You wonder where Leonardo DiCaprio, the staunch crusader against climate change, fits in? It turns out that Jho Low financed films with some of this loot, including “The Wolf of Wall Street”, the 2013 Martin Scorsese film that some critics viewed as a dark satire on Wall Street excess. It tells the story of Jordan Belfort, a stockbroker who started out selling penny stocks before he moved on to become a major deal-maker on Wall Street and a crook. In my CounterPunch review (https://www.counterpunch.org/2014/01/03/the-confidence-men/), I made the essential connection in light of the Blankfein/Leissner/Razak/Low criminal conspiracy:
Belfort started a “bucket shop” called Stratton Oakmont in the late 1980s that eventually turned into a billion-dollar operation that challenged blue chip firms like Goldman Sachs for market share. A bucket shop specializes in selling dubious penny stocks to working class people over the phone using high-pressure tactics with a high commission to the salesman. There is only a difference in quantity as opposed to quality between a Stratton Oakmont and a Goldman Sachs. The government tends to go after people like Jordan Belfort and Bernie Madoff rather than Lloyd Blankfein and Jamie Dimon because their crimes are illegal as opposed to legal. When Blankfein and Dimon were marketing collateralized mortgages, they were inflicting far more damage than a Jordan Belfort could dream of in his wildest imagination.

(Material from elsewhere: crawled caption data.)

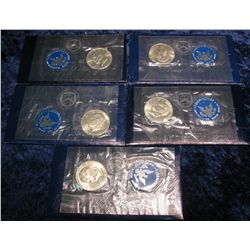 443. (5) 1971 S Silver Eisenhower Dollars. BU. In original blue packs.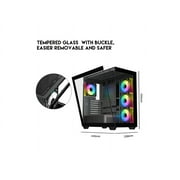 DIYPC ARGB-N6-BK Black Dual USB3.0/ 1 xType C Tempered Glass ATX Gaming Computer Case w/ Dual Tempered Glass Panel and 4 x ARGB PWM Fans (Pre-Installed). Support BTF Back Plug MB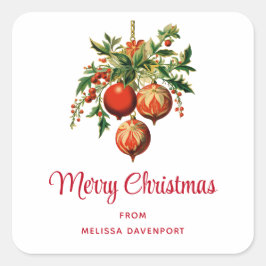 Retro Coole Weihnachtsbaumdekorationen Quadratischer Aufkleber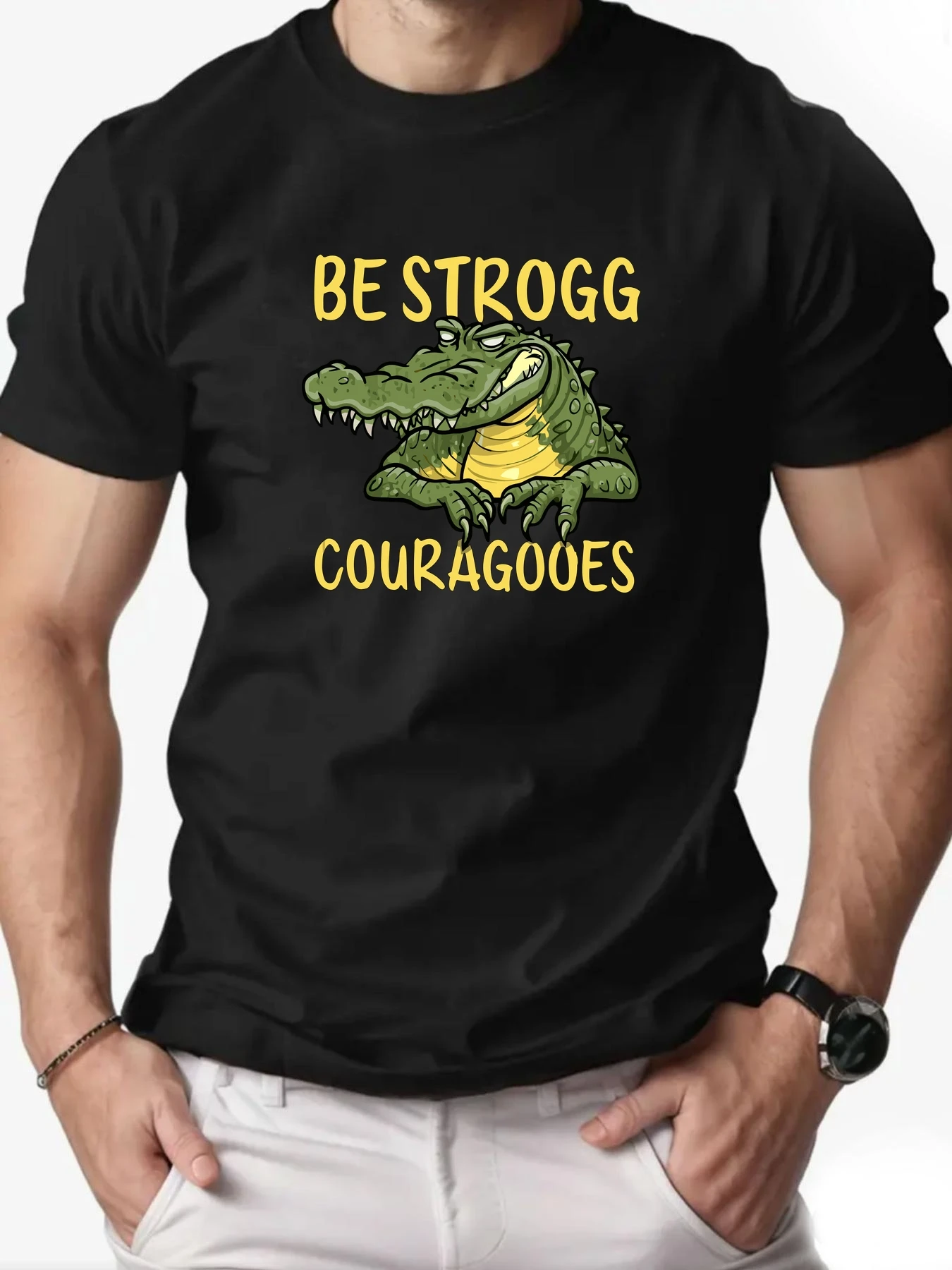

Men's T-Shirt Crocodile Pattern Printed Fashion Leisure Sports Men's Round Neck T-shirt High Quality Custom Made Men's Clothing
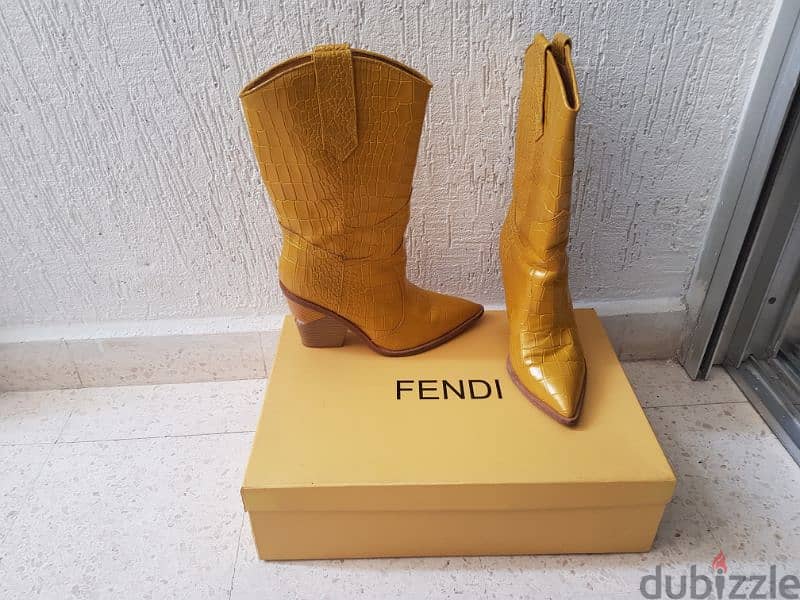 botine fendi from turkey yellow with box used 3 times only  as new 1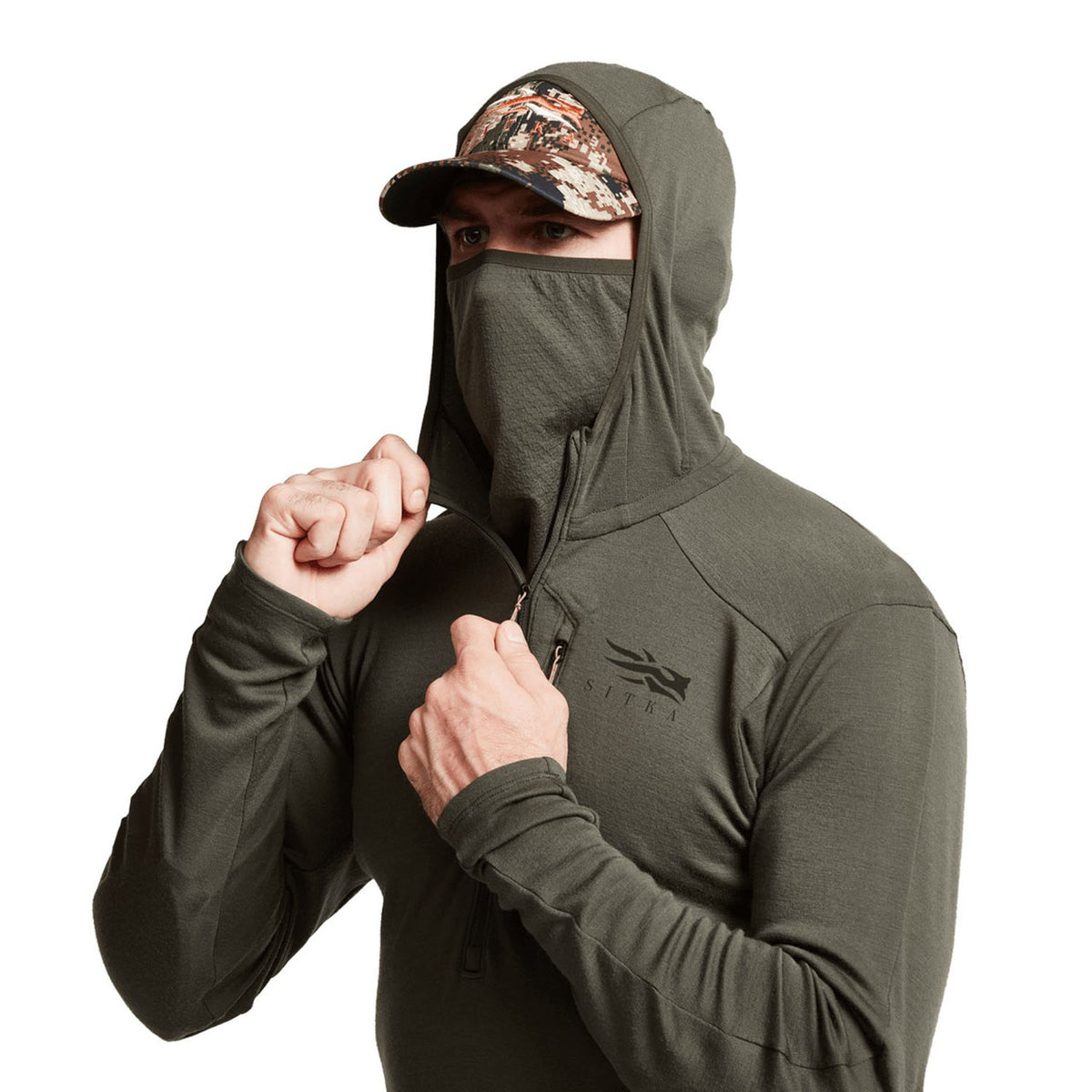 Sitka Intercept Hoodie Facemask Image in Deep Lichen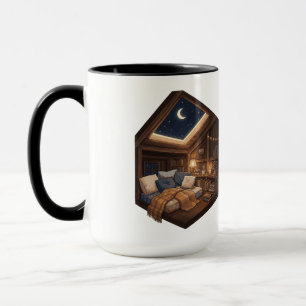 Moonlit Cosy Cabin Reading Nook Illustration Mug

The only change I would make to this is in describing Blankfein as now involved in “illegal” activities. The stench arising from 1MDB is not likely to disappear very soon. It is a function of an Empire in decline, much like Nero’s Rome. Instead of gladiators, we have NFL games on Sunday. With Rome relying more and more on commodities extracted from colonies East and West by captive peoples, the inner fiber of Roman society began to rot like a house whose foundations had been weakened by years and years of termite infestation. Those who hope to reconstruct American democracy on a new social democratic footing without replacing that capitalist foundation are just conning themselves. We need to speak the truth about the situation we face, not sweep it under the rug.